As with many of the public services in Italy, quality varies by region.  Even though the quality of care is theoretically the same in every region, the quality of the administration, the number of facilities and available doctors, varies a lot.  Tuscany and Umbria are generally regarded as having the best systems, but all of the northern and central regions, including the Marche, where I live, are pretty good.  Rome has some of the best doctors and hospitals, but administration can be chaotic. In the South, though, the quality of service in the public facilities is not as good, and it seems that those who can afford it purchase private insurance.

Doctors are not well paid here, and many younger doctors have decided to practice elsewhere.  This is a problem, as many older doctors are now approaching mandatory retirement.

The possibility of practicing privately also draws some of the doctors away from the system.  As the price points I noted above indicate, the profit potential for practicing privately is not huge.  And many doctors prefer not to have to deal with money.  But this brain drain has had an effect and over time an insufficient number of doctors may start to affect the overall performance of the public system. This has already happened with respect to eye doctors and dentists – these services are theoretically provided by the public system, but so many doctors in these areas have gone into private practice that in effect these services have been privatized.

Major Benefits 

As noted above, once you are enrolled in the national health care system, there are no additional costs or deductibles beyond co-pays for certain non-urgent services.

In particular, there are no co-pays for visits to your primary care doctor.  And primary care doctors here typically don’t have advice nurses or receptionists who act as gatekeepers deciding whether you are sick enough to warrant the doctor’s time.  As a practical matter, then, you decide when you want to see your doctor.  You may have to sit in the doctor’s waiting room for a couple of hours, but generally speaking, if you want to see your doctor on a particular day, you can.

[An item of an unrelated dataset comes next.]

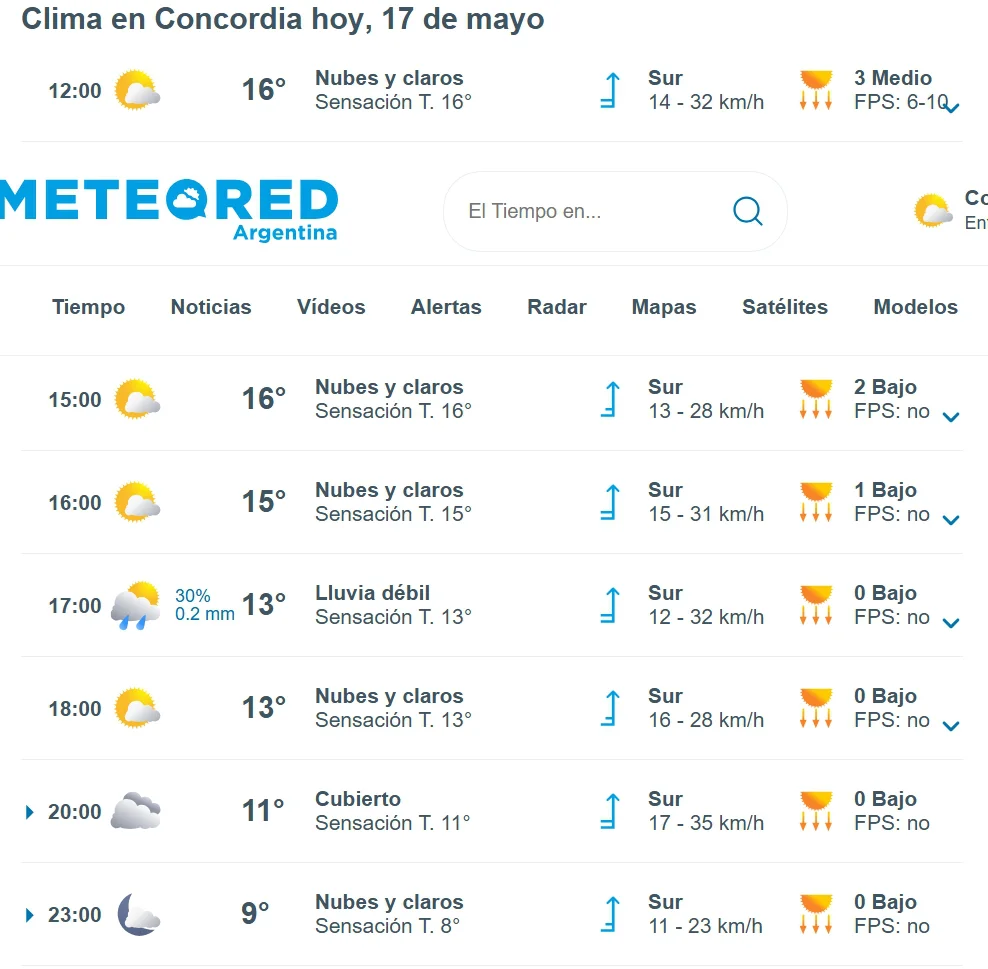 hoy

And although there can be long waits for non-urgent conditions, those waits tend to disappear when you  are really sick.  In the US, the quality and the timeliness of the care you get is often based on how much money you have, or the quality of your insurance.  Here, it is based on how sick you are.

Another benefit to having a national system is that care is coordinated.

Last year, a local friend was stricken by a serious auto-immune disease that causes temporary paralysis in the extremities.  He had a particularly difficult case, where his lungs were paralyzed for several weeks and he had to be put on a ventilator.  After 45 days in the intensive care unit of the local public hospital, his condition had improved enough to start rehab, and he spent several months in a specially designed residential rehab facility.  Now he is home again, and a physical therapist visits several times a week.   All of this care, from hospital ICU to special rehab to at-home physical therapy, was coordinated by his doctors, who decided when to move him to the private facility and when he could go home.  And all of it was covered by the national health system.

In the US, the health care delivery system is often fragmented.  Hospital services might be covered under one part of your policy, while rehab services come under another, with different deductibles and policy limits for each.  The costs of a serious auto-immune disease in the US can be staggering, and rehab services in particular are often not fully covered.  It’s the kind of medical condition that can lead to bankruptcy in the US.  That doesn’t happen here.

The Italian medical system has its faults.  Primary care doctors can be overburdened  Waiting times for non-urgent procedures can be long.  But the peace of mind that comes from knowing that a serious medical condition won’t take all the resources you have is priceless.